PROBLEM STATEMENT: When you reach the line containing "Prestigious 5BR 3,5BA" in the data below, begin returning lines exactly as written, and stop once the line containing "Villasimius località Is" has been returned.

EXCERPTED RECORDS:
————

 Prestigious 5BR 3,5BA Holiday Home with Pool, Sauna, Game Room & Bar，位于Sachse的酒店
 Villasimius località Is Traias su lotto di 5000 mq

————

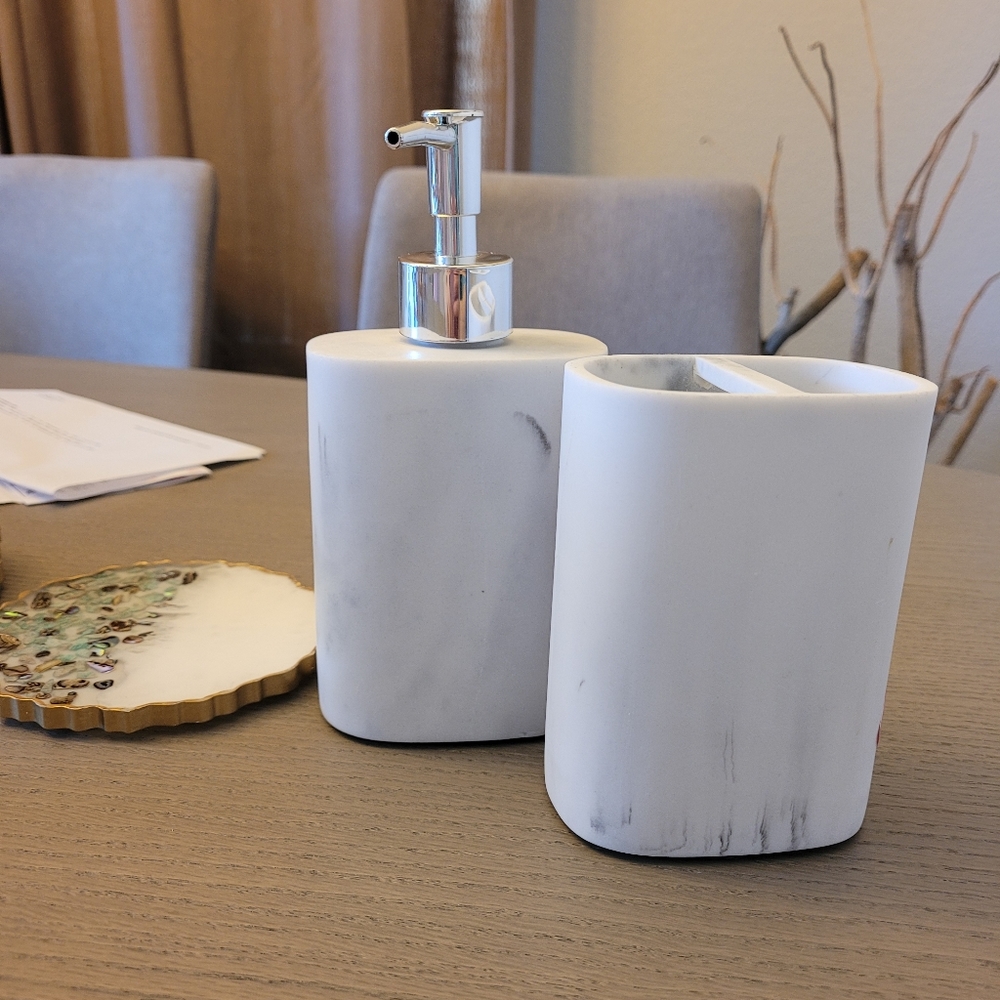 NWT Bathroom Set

————

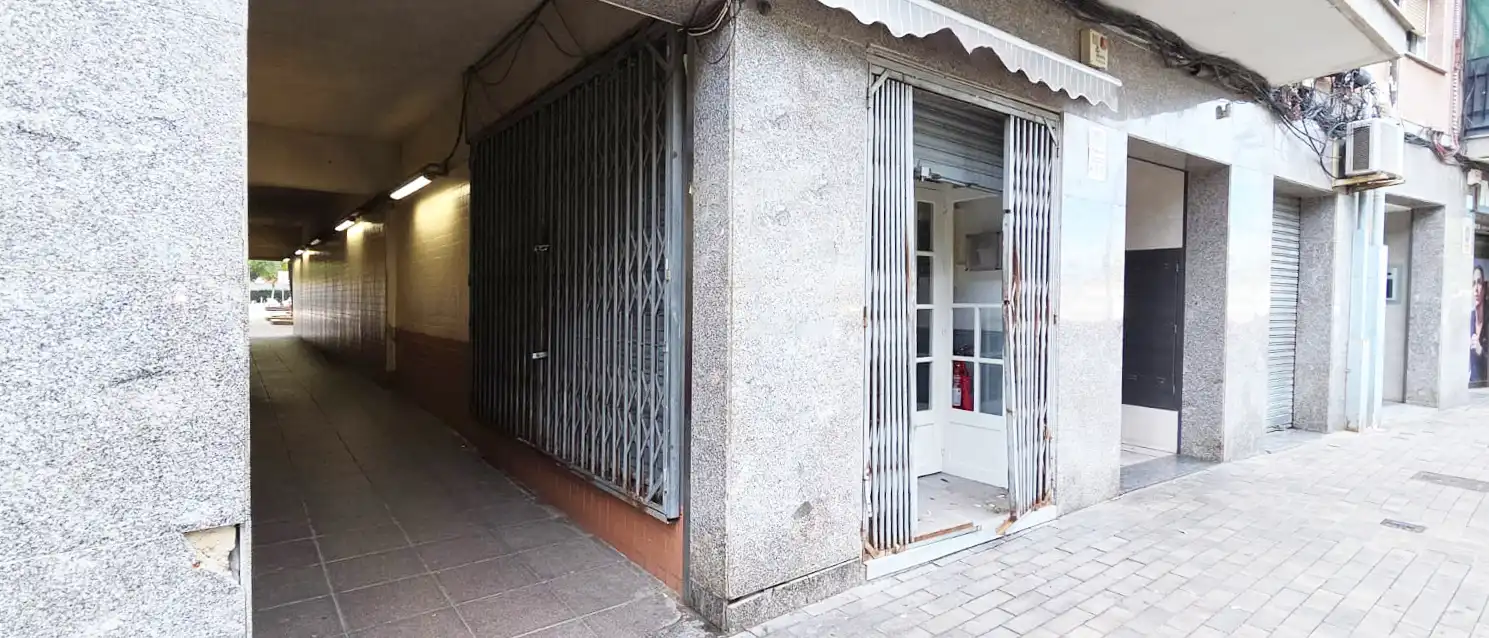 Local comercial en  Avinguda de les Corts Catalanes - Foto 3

————

OUTPUT OF THE EXERCISE:
 Prestigious 5BR 3,5BA Holiday Home with Pool, Sauna, Game Room & Bar，位于Sachse的酒店
 Villasimius località Is Traias su lotto di 5000 mq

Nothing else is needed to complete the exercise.